536368                         [22960, 22913, 22912, 22914]
536369                                              [21756]
Name: ProdID, dtype: object

In [12]:
df2 = pd.DataFrame(columns=['CustomerID', 'basket_list'])
for CustomerID in baskets.index:
    current_customer_row = []
    for BasketID in baskets.loc[CustomerID]:
        transaction_date = df[df.BasketID == BasketID].BasketDate.unique()[0]
        basket_log = [transaction_date, transactions.loc[BasketID]]
        current_customer_row.append(basket_log)
    current_customer = pd.DataFrame(data= {'CustomerID': CustomerID, 'basket_list': [current_customer_row]})
    df2 = pd.concat([df2, current_customer])

In [13]:
df2.set_index('CustomerID', inplace=True)
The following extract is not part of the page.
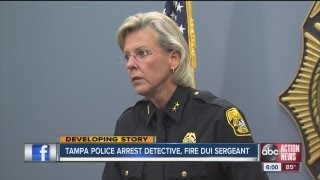 Two TPD officers fired, one arrested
This is the new structure accomodating both the sequence of products and the date of their purchase.

In [14]:
df2

Unnamed: 0_level_0,basket_list
CustomerID,Unnamed: 1_level_1
12347.0,"[[2010-07-12, [85116, 22375, 71477, 22771, 227..."
12352.0,"[[2011-02-16, [21380, 22064, 21232, 22646, 227..."
12362.0,"[[2011-02-17, [21913, 22431, 22432, 21746, 217..."
12381.0,"[[2011-12-08, [47566, 16169E, 21481, 22945, 22..."
12383.0,"[[2010-12-22, [21121, 21122, 21124, 21125, 211..."
...,...
18257.0,"[[2011-02-16, [85099B, 22957, 22502, 22961, 22..."
18260.0,"[[2010-12-16, [79321, 22452, 22453, 22454, 220..."
18272.0,"[[2011-07-04, [20754, 21563, 71459, 22557, 229..."
18283.0,"[[2011-06-01, [22356, 20726, 22384, 22386, 207..."


In [18]:
print("Number of input sequences: ", len(dataset))
print("Total number of events: ", sum([len(seq) for seq in dataset])) 

Number of input sequences:  1046
Total number of events:  12784


Unfortunately the analysis does not continue beyond the definition of the structure due to the proximity of the deadline.